Data shown ::
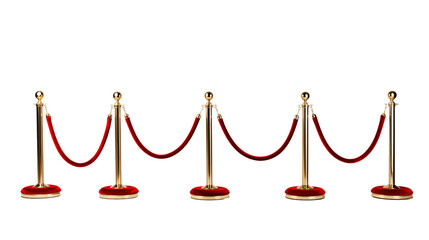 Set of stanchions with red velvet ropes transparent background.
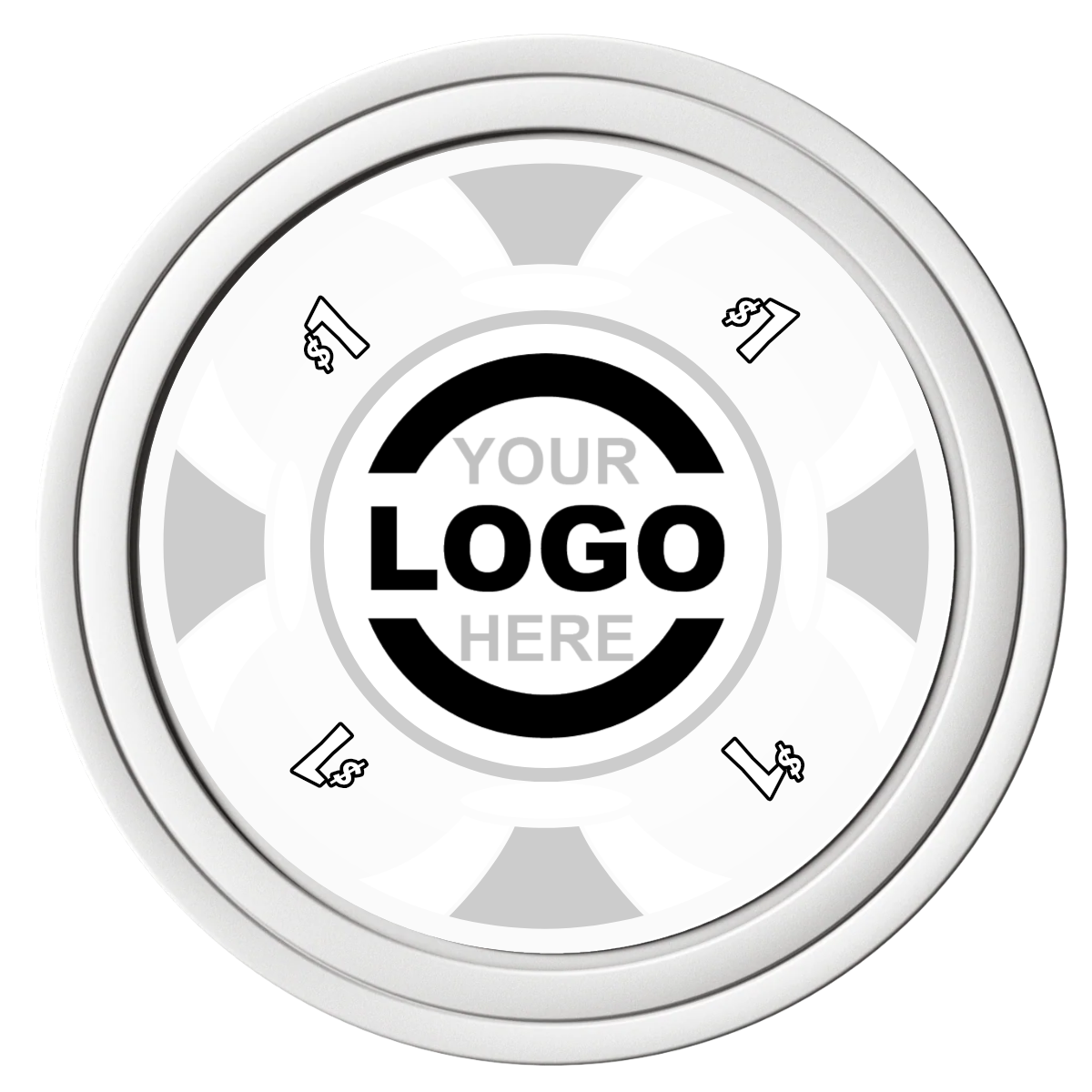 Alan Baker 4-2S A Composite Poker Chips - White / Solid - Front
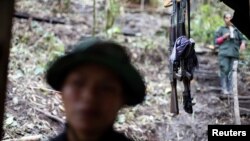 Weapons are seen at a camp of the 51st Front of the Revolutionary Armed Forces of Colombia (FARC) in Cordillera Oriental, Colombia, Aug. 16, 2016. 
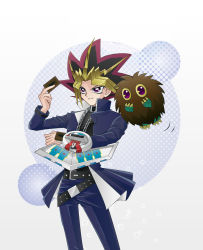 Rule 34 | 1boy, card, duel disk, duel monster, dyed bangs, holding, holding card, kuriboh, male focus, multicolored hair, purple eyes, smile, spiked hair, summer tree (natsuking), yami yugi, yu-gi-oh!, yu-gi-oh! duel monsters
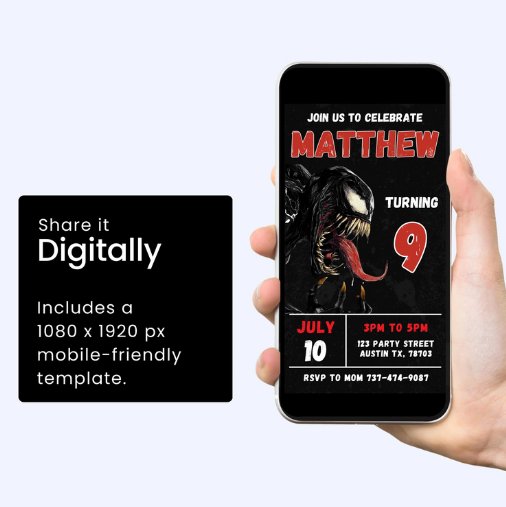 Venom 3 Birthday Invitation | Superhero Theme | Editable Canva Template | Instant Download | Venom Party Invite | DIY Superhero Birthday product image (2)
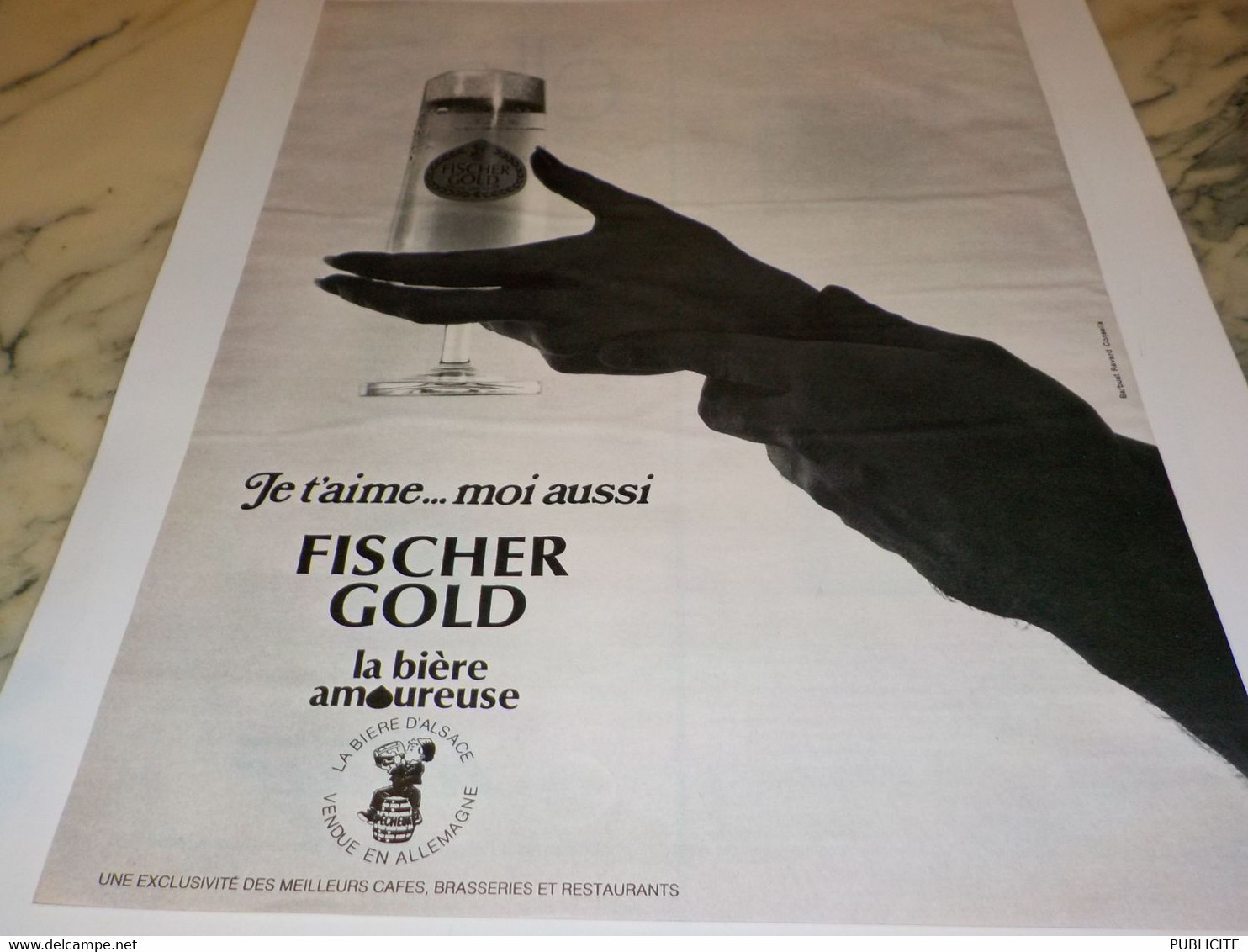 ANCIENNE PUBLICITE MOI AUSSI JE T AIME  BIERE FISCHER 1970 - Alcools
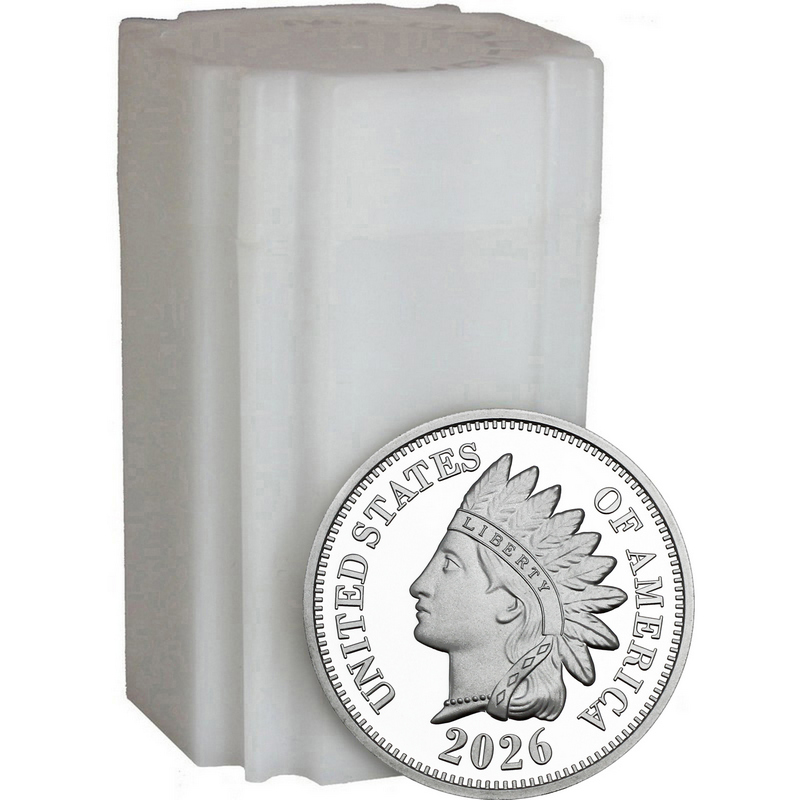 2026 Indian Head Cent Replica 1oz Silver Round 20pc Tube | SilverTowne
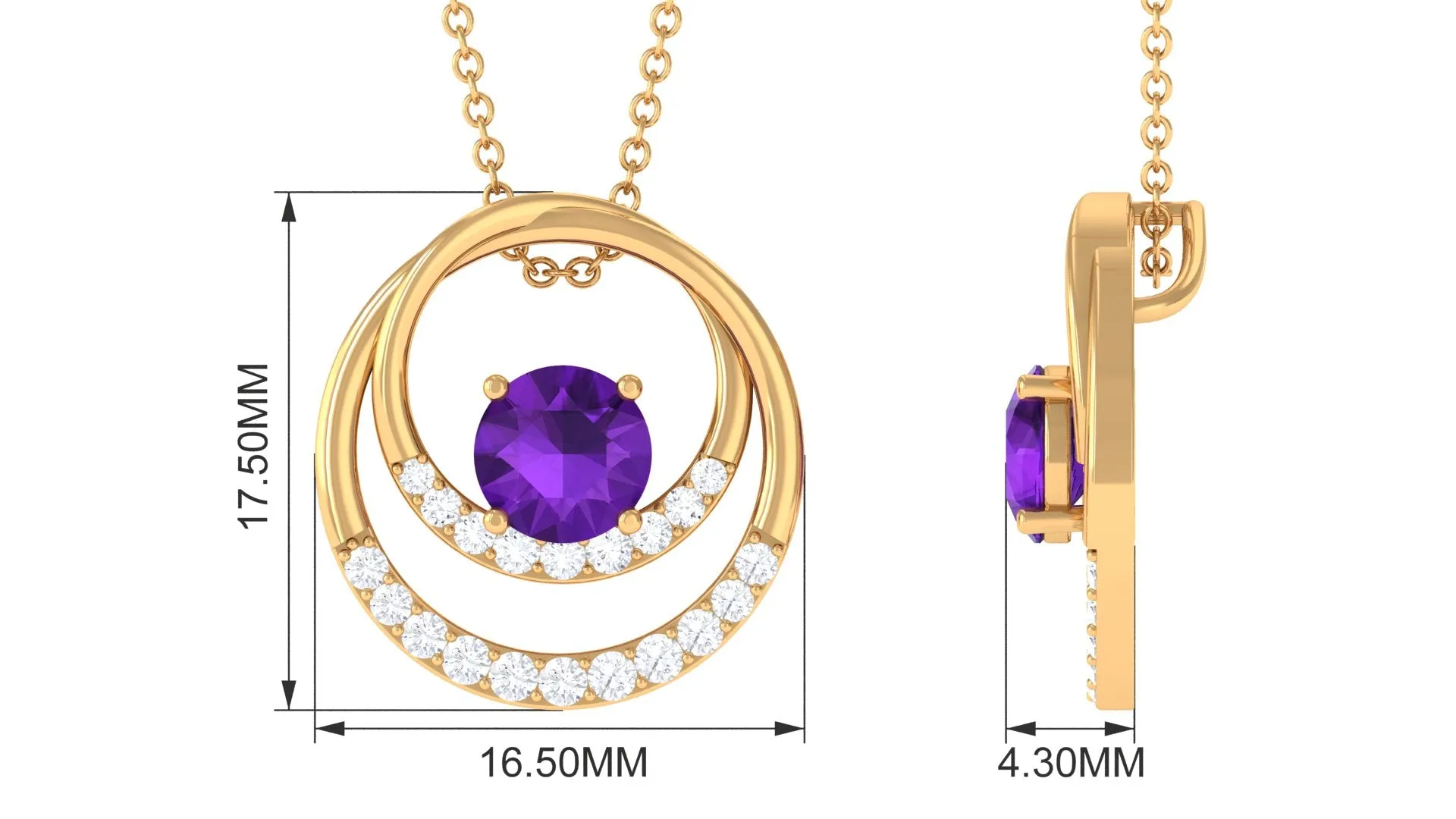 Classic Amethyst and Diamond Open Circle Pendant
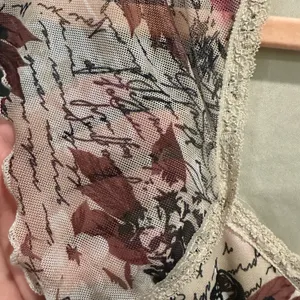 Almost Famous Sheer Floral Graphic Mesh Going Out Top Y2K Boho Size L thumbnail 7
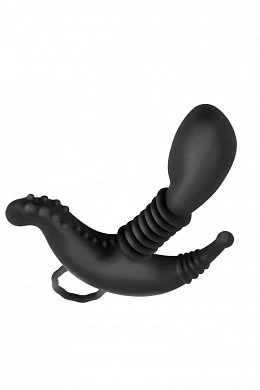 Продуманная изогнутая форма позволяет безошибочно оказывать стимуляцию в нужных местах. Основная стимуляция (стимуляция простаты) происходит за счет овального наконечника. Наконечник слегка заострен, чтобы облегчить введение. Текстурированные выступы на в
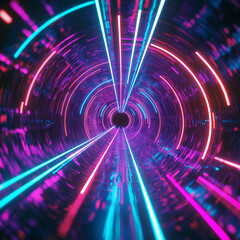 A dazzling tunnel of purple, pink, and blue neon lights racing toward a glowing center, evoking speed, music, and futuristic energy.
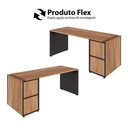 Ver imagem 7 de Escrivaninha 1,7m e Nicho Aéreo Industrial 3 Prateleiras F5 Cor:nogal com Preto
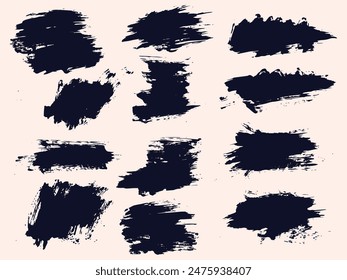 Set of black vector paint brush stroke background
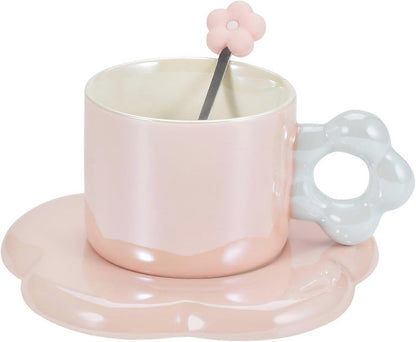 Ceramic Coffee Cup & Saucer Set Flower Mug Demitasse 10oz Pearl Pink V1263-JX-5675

Problem requirements :: Without any of the pictures, set the entries down again exactly as written.

Response to this exercise ::
 Set of stanchions with red velvet ropes transparent background.
 Alan Baker 4-2S A Composite Poker Chips - White / Solid - Front
 Weapons are seen at a camp of the 51st Front of the Revolutionary Armed Forces of Colombia (FARC) in Cordillera Oriental, Colombia, Aug. 16, 2016. 
 Rule 34 | 1boy, card, duel disk, duel monster, dyed bangs, holding, holding card, kuriboh, male focus, multicolored hair, purple eyes, smile, spiked hair, summer tree (natsuking), yami yugi, yu-gi-oh!, yu-gi-oh! duel monsters
 Venom 3 Birthday Invitation | Superhero Theme | Editable Canva Template | Instant Download | Venom Party Invite | DIY Superhero Birthday product image (2)
 ANCIENNE PUBLICITE MOI AUSSI JE T AIME  BIERE FISCHER 1970 - Alcools
 2026 Indian Head Cent Replica 1oz Silver Round 20pc Tube | SilverTowne
 Classic Amethyst and Diamond Open Circle Pendant
 Almost Famous Sheer Floral Graphic Mesh Going Out Top Y2K Boho Size L thumbnail 7
 Продуманная изогнутая форма позволяет безошибочно оказывать стимуляцию в нужных местах. Основная стимуляция (стимуляция простаты) происходит за счет овального наконечника. Наконечник слегка заострен, чтобы облегчить введение. Текстурированные выступы на в
 A dazzling tunnel of purple, pink, and blue neon lights racing toward a glowing center, evoking speed, music, and futuristic energy.
 Ver imagem 7 de Escrivaninha 1,7m e Nicho Aéreo Industrial 3 Prateleiras F5 Cor:nogal com Preto
 Set of black vector paint brush stroke background
 Ceramic Coffee Cup & Saucer Set Flower Mug Demitasse 10oz Pearl Pink V1263-JX-5675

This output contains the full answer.